East Boston Savings Bank was a Massachusetts-chartered stock savings bank founded in 1848. The company delivered a wide range of deposit and loan products through the operation of the bank.

Rockland Trust announced it would be acquiring the bank on April 22, 2021 and completed the deal on November 12, 2021.

==History==
East Boston Savings Bank was established in Maverick Square, East Boston in 1848 by some merchants and shipbuilders, as a result of the booming commerce in Boston.

In 1991, East Boston Savings Bank became a wholly owned subsidiary of Meridian Mutual Holding Company, later known as Meridian Financial Services.

By, 2006 Meridian formed another holding company called Meridian Interstate Bancorp, to which ownership of the bank was transferred.

In 2009, Meridian Interstate entered into a merger agreement with Mt. Washington Cooperative Bank of South Boston, Massachusetts. The merger was consummated in early 2010 and Mt. Washington Bank now operates under its name as a division of East Boston Savings Bank.

In July 2014, Meridian Interstate Bancorp consummated a second step stock conversion. Its top tier holding company MFS ceased to exist and a new corporation, Meridian Bancorp, Inc. was established.

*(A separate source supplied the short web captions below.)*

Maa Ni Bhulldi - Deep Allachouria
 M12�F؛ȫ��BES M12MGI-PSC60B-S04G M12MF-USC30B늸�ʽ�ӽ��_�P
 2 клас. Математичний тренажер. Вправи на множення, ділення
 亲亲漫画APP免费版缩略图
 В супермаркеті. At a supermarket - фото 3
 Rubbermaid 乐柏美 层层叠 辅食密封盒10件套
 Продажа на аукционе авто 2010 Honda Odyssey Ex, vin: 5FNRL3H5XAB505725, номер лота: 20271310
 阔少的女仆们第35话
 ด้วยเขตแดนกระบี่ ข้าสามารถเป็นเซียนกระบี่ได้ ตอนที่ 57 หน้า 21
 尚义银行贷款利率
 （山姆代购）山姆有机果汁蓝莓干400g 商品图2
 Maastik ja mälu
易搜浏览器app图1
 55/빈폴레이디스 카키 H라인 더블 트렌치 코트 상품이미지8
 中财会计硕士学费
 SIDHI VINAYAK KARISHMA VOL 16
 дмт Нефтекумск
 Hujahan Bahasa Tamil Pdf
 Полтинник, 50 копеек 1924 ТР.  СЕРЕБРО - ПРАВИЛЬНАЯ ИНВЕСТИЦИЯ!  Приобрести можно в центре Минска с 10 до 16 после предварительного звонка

In May 2020, East Boston Savings Bank has collaborated with nearby restaurants in East Boston, South Boston, Dorchester and Revere to provide over 1,300 meals.

In July 2020, East Boston Savings Bank has launched new branches in Salem and Woburn, and plans to launch the third branch of EBSB in Brookline in late summer.

In April 2021, Independent Bank Corp. and Meridian Bancorp, Inc. Sign Merger Agreement for Rockland Trust Company to Acquire East Boston Savings Bank.